缝洞型碳酸盐岩储气库地应力变化特征及力学完整性研究

doi:10.13809/j.cnki.cn32-1825/te.2024.05.018

Abstract

Abstract:

Fracture-cavity carbonate reservoirs are highly heterogeneous, presenting complex relationships between reservoir pore space and seepage flow. These complexities pose significant challenges for in-situ stress analysis, selection of injection and production parameters, and evaluations of mechanical integrity. In order to further clarify the variation of in-situ stress during the operation of fracture-cavity carbonate underground gas storage（UGS）, ensure the mechanical integrity during the operation of UGS and increase the upper limit pressure, the model was developed to analyze the stress distribution in fracture-cavity carbonate gas storage and to monitor the variations in four-dimensional in-situ stress. This model also assesses the mechanical integrity across different pore spaces. The findings reveal that: ① Stress concentration is more pronounced in fracture-cavity carbonate reservoirs than in homogeneous ones, with the lowest stress levels often occurring at cavity boundaries. ② Pore pressure and stress fluctuations are more severe in fracture-cavity environments, increasing the likelihood of shear or tensile failures at cavity boundaries during UGS operations. ③ During gas production, shear failure tends to occur along the direction of minimum principal stress, whereas tensile failure is more probable along the direction of maximum principal stress during gas injection. ④ Compared to homogeneous reservoirs, fracture-cavity reservoirs are more prone to tension or shear failures during gas injection but are generally safer during gas production, though shear failures around cavities are more likely. These results provide valuable theoretical and methodological insights for in-situ stress analysis and mechanical integrity assessments of fracture-cavity carbonate UGS.

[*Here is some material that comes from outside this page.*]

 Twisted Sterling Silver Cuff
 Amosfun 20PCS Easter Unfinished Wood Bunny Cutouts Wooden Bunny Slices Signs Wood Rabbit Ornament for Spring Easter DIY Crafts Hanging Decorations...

Key words: fracture-cavity underground gas storage（UGS）, fluid-solid coupling, mechanical integrity, cyclic injection and production, four-dimensional in-situ stress

CLC Number:

TE822

ZHENG Xin,ZHAO Yuchao,ZHAO Zihan, et al. Mechanism investigation on in-situ stress characteristics and mechanical integrity of fracture-cavity carbonate underground gas storage reservoir[J]. Petroleum Reservoir Evaluation and Development, 2024, 14(5): 814-824.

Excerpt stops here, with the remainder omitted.